Listed records:

+ + + + + + +

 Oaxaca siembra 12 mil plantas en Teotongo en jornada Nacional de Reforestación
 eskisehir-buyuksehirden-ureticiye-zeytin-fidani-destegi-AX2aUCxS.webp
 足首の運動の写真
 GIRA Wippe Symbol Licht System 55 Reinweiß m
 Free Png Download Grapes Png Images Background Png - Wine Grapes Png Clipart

+ + + + + + +

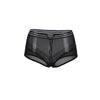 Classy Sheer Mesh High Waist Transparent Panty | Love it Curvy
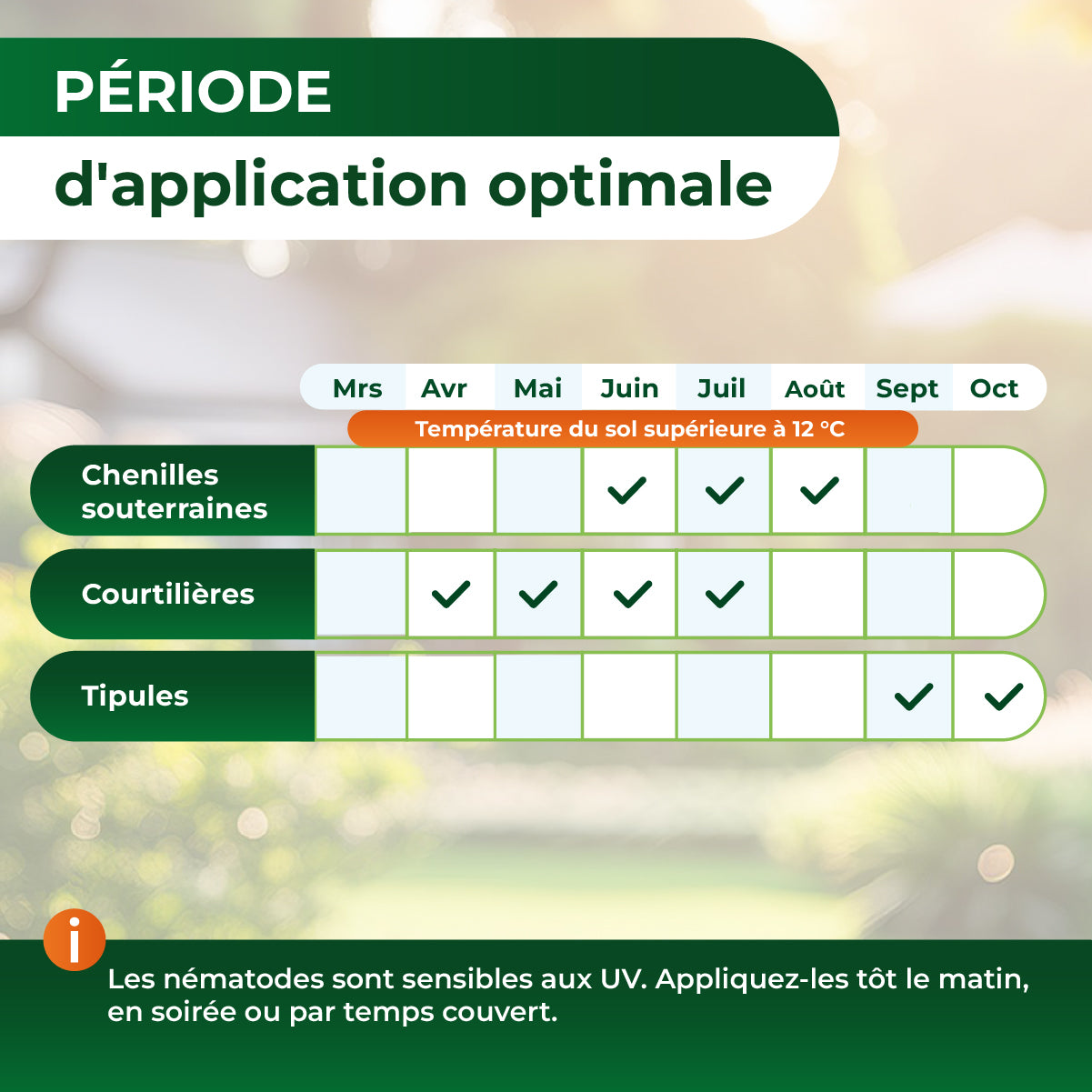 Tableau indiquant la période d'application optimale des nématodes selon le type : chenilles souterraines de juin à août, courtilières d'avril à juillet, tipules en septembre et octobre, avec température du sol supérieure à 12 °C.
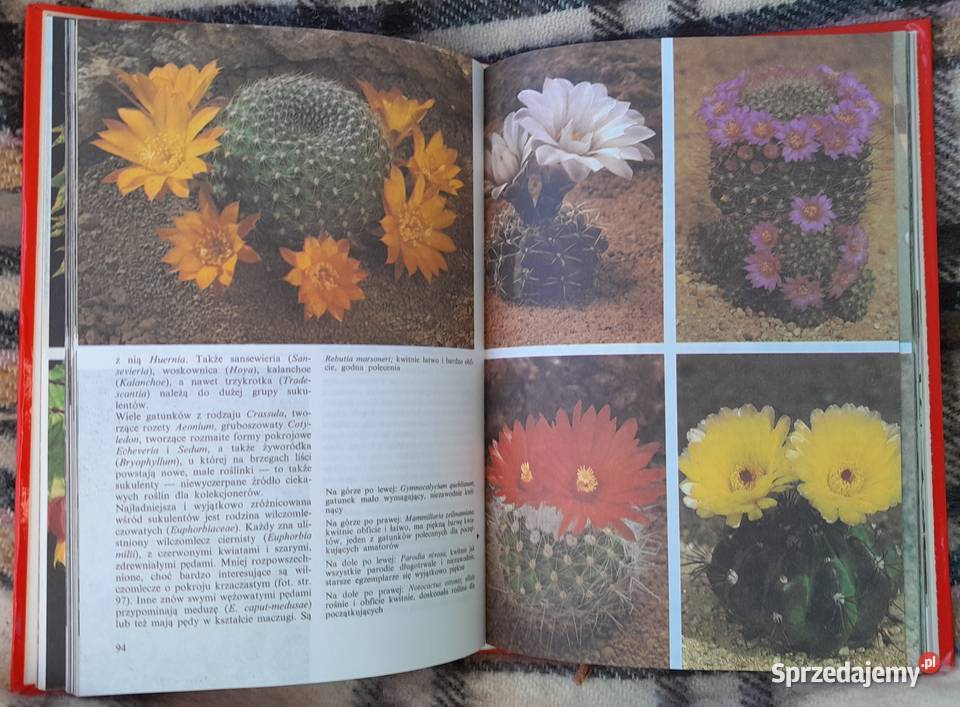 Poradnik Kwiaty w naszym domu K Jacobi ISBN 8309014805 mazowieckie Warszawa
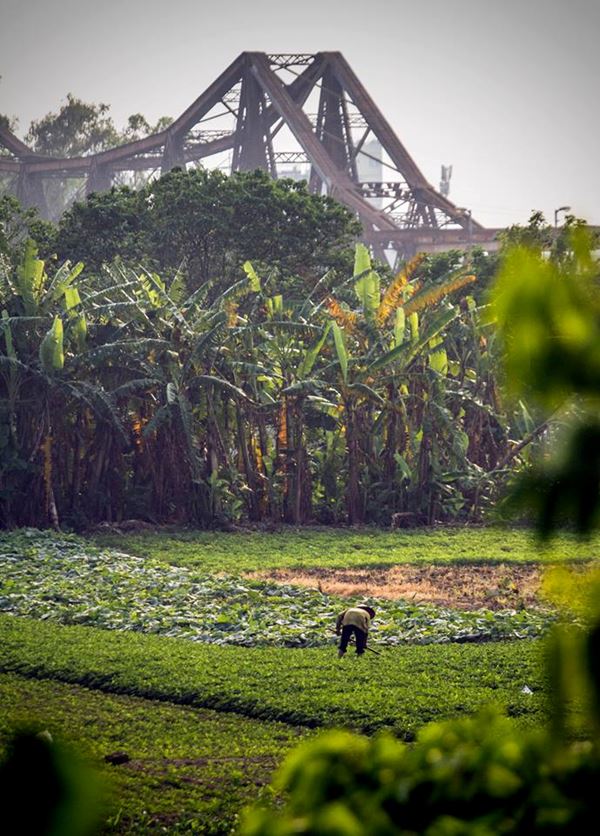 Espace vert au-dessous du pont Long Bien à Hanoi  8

+ + + + + + +

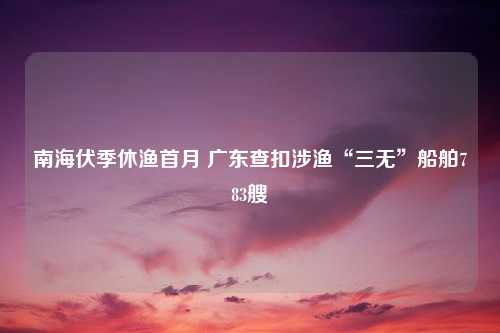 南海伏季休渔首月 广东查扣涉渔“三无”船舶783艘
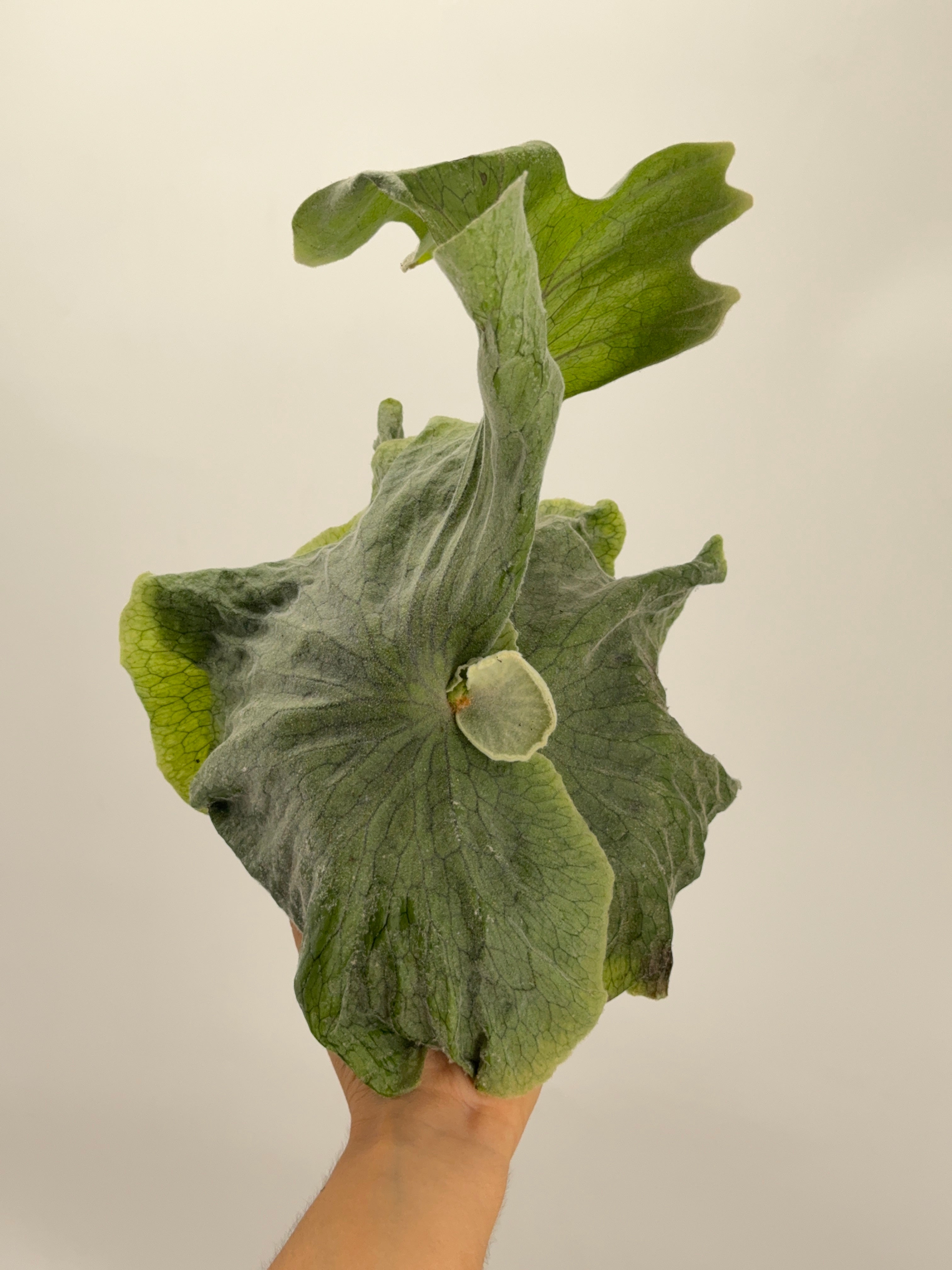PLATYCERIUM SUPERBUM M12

+ + + + + + +

Required action:
Look back at the data above. Transcribe exactly the lines starting at the line that contains "Oaxaca siembra 12" and ending at the line that contains "Free Png Download".

Task solution:
 Oaxaca siembra 12 mil plantas en Teotongo en jornada Nacional de Reforestación
 eskisehir-buyuksehirden-ureticiye-zeytin-fidani-destegi-AX2aUCxS.webp
 足首の運動の写真
 GIRA Wippe Symbol Licht System 55 Reinweiß m
 Free Png Download Grapes Png Images Background Png - Wine Grapes Png Clipart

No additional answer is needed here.